◆ **WORK INSTRUCTIONS**
Copy from the first line below down to and including the line with "The TEXTJOIN function". Skip the pictures.

>>>>

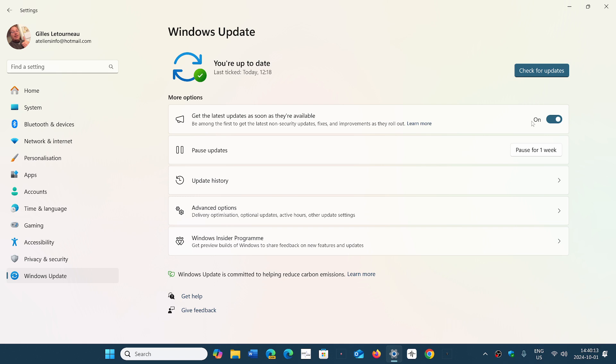So if you're on 22H2, you might actually see 24H2 being offered to you, apparently, kind of jumping over 23H2 basically. And if you're on 23H2, of course, you'll be, at some point, offered 24H2.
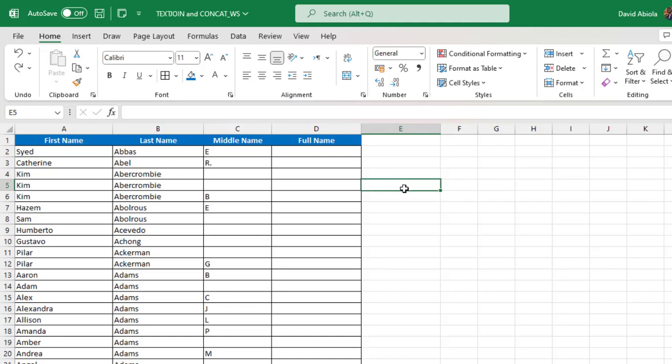The TEXTJOIN function in Excel allows us to join two or more text strings using a specified delimiter, and the CONCAT_WS allows us to do the same thing using a specified delimiter in Microsoft SQL Server. By the way, this WS simply means with a separator. So let's see how to do this in Excel and then we go to Microsoft SQL Server.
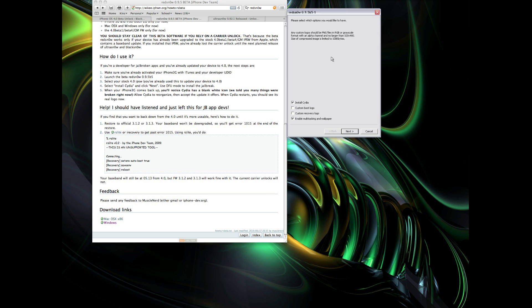And of course, this is not an unlock. So if you rely on a carrier unlock, if you're running Verizon or T-Mobile or O2 or whatever, and your device is unlocked, you should stay clear of this because it does break the unlock and you won't be able to unlock your phone again until an official 4.0 unlock is released.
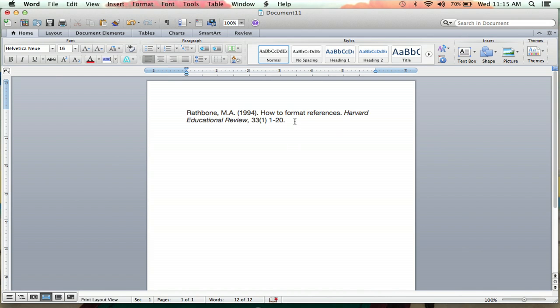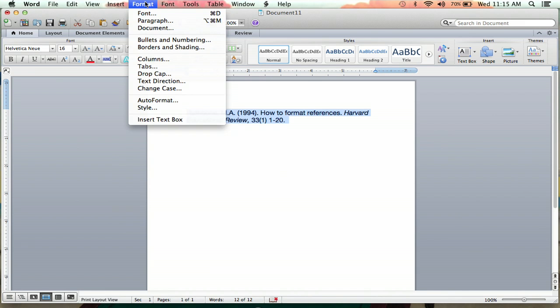So, you're going to want to highlight all of your text here, and then you're going to go up to format, click paragraph.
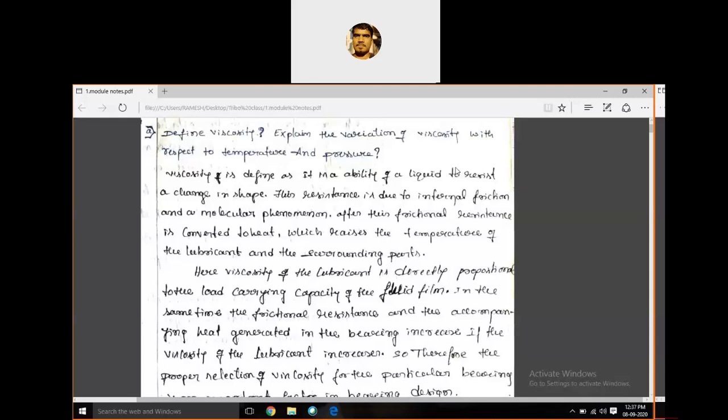What is meant by viscosity? Viscosity can be defined as the ability of a liquid to resist a change in shape. It is the ability of a liquid to resist against a change in shape. This resistance is due to internal friction and molecular phenomena. This frictional resistance is going to convert as heat, which raises the temperature of the lubricant and the parts surrounded by the lubricant.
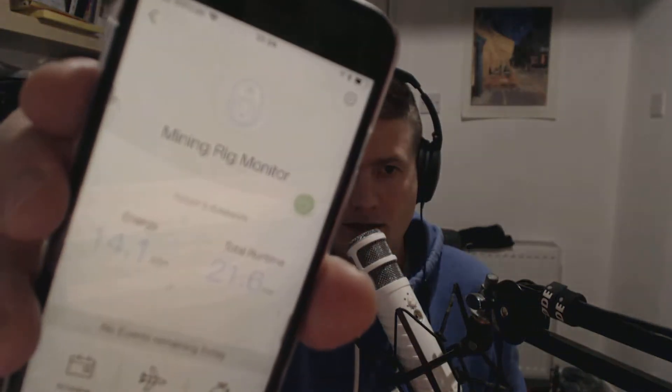The other thing this device is really useful for is remote on/off. Basically if your rig crashes or the software crashes, you can go on to the app — it's really easy to use on your phone — and you can power the rig on and off remotely. If you have Windows or your mining software set up correctly, when the system powers back on it starts mining again.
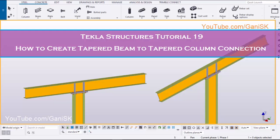Hello viewers, welcome to GANI SK YouTube channel. In this tutorial, I am going to explain you how to create Tapered Beam to Tapered Column Connection 197 Component in Tekla Structures. Let's start.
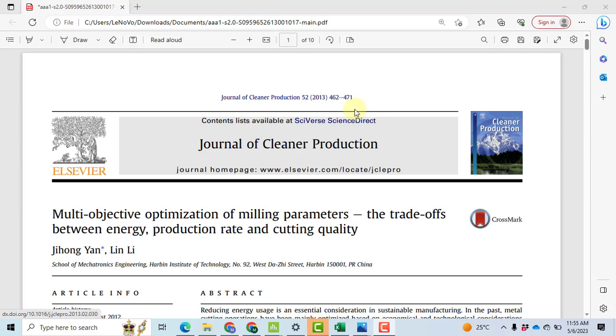Bismillahirrahmanirrahim. Today I will discuss a method for the extraction of weights from the Taguchi results, and these weights will be used for multiple objective optimization, gradient analysis, composite desirability method, or any of the techniques you can use.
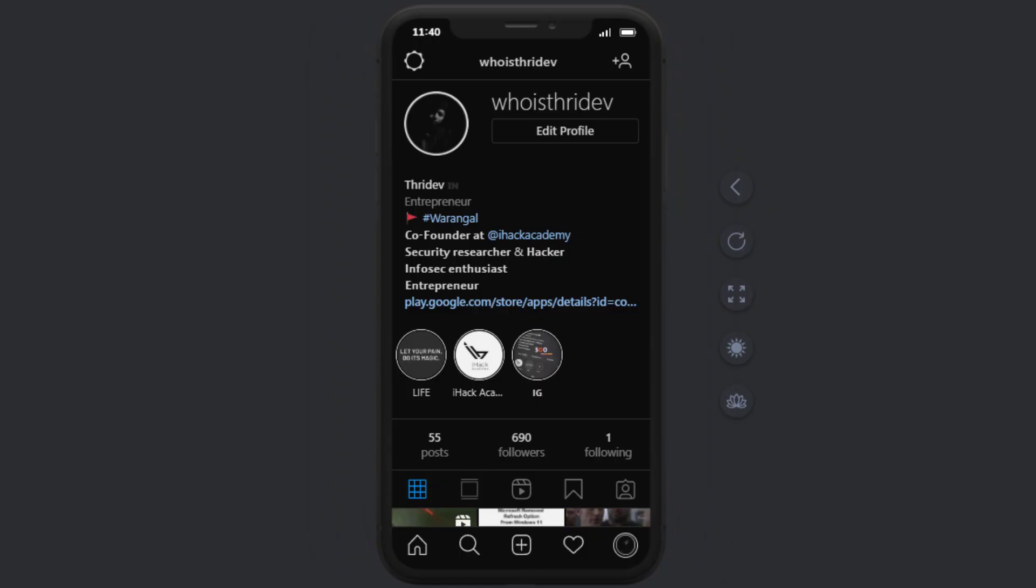Hello everyone, I am Tridev here on the Ethical Hacker Gopi Krishna YouTube channel. You can find me on Instagram with the username Eddureit who is Tridev.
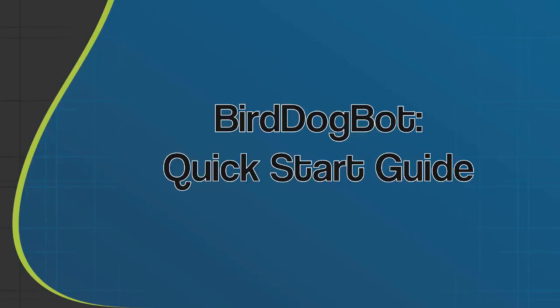In this video I'm going to give you a quick tour of BirdDogBot and I'll also show you the quickest way to set up your account so you can start finding the top deals in your market as fast as possible.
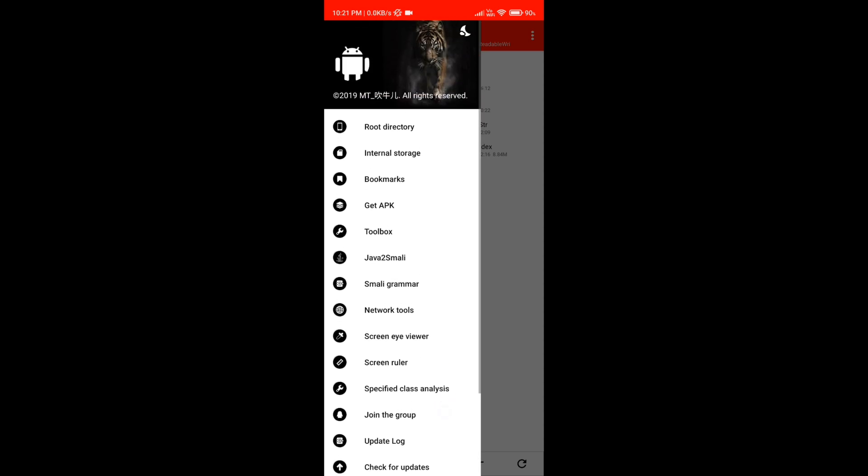As you can see there is no login option, so you don't need to login with NP Manager, it works without login.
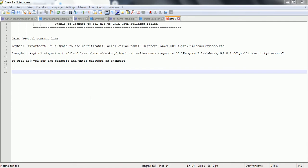Hi guys, this is Shivadi. In this session I am going to explain how you can troubleshoot and fix the problem related to unable to connect to SSL due to PKIX path building failed. This issue basically happens when your JVM is trying to connect to any HTTPS or SSL connection but your JVM does not have the valid certificate for that.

<<<<

◆ **RESULT OF THIS EXERCISE**
So if you're on 22H2, you might actually see 24H2 being offered to you, apparently, kind of jumping over 23H2 basically. And if you're on 23H2, of course, you'll be, at some point, offered 24H2.
The TEXTJOIN function in Excel allows us to join two or more text strings using a specified delimiter, and the CONCAT_WS allows us to do the same thing using a specified delimiter in Microsoft SQL Server. By the way, this WS simply means with a separator. So let's see how to do this in Excel and then we go to Microsoft SQL Server.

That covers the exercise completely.